Blaine Gernandizo
Professor Woodbury
CYSE 201S
14 October 2025
How To Classify Social Media Bots Using Machine Learning

The pervasive influence of automated accounts, commonly known as “social bots,” on online social networks (OSNs) poses a complex challenge in the rapidly evolving technological and societal landscape. This study addresses this issue by developing a method to differentiate between harmful malicious bots and benign ones. Through this research, we can explore several fundamental principles of social sciences. It demonstrates Empiricism by relying on observable and measurable data from Twitter metadata to draw conclusions. Additionally, they utilize this data to analyze behavioral patterns, identifying patterns that further support their evidence.

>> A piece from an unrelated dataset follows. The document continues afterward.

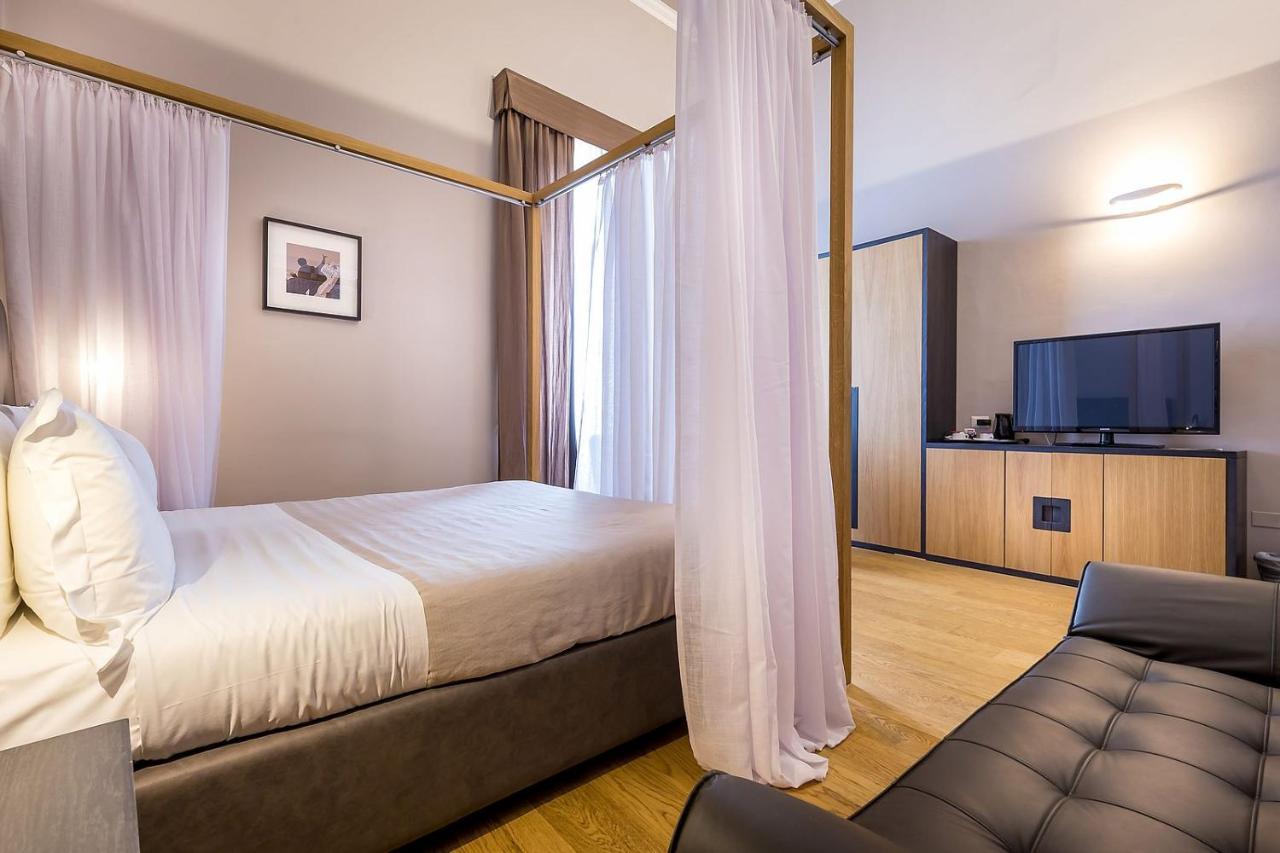 Residenza D'Epoca Al Numero 8 Florencie Exteriér fotografie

It demonstrates Determinism by stating that the malicious or benign nature of a bot isn’t random but is determined by identifiable behavioral features such as list count, follower count, and retweet patterns. This creates a cause-and-effect relationship between a bot’s underlying programming and its observable metadata. It demonstrates Ethical Neutrality by presenting their findings objectively. They don’t advocate for a specific policy or moral stance; instead, they provide analysis that policymakers can use to draw their own conclusions about managing bot activity.
The article delves into three research questions. Firstly, it investigates whether features previously employed to distinguish between humans and bots can also differentiate between benign and malicious bots. Secondly, it aims to identify the features that signify anomalous behavior between benign and malicious bots. Lastly, it explores the feasibility of utilizing semi-supervised machine learning models for classifying malicious and benign bots. To address these questions, the authors employ a feature selection technique, which selects the most relevant feature of a dataset to use when training a machine learning model. The data for the study consists of Twitter metadata which features status count, follower count, and list count. The key finding is that a limited set of features is highly effective for classification and that the semi-supervised machine model SVM (support vector machine) achieved the best performance.
The study’s machine learning model for classifying malicious bots addresses critical human vulnerabilities in cybersecurity. From a sociological perspective, malicious bots are not just technical threats but tools that exploit and disrupt the social fabric, manipulating public opinion and eroding trust. It demonstrates the limitations of the “human firewall” by showing how bots exploit human factors like social proof to facilitate cyber victimization. These attacks often target fundamental needs outlined in Maslow’s Hierarchy, such as safety, through financial scams or data leaks. Consequently, marginalized groups are disproportionately impacted, including communities in unstable regions targeted by disinformation, like the Venezuela election, and vulnerable individuals lacking resources to recover from identity theft following breaches like the Facebook leak.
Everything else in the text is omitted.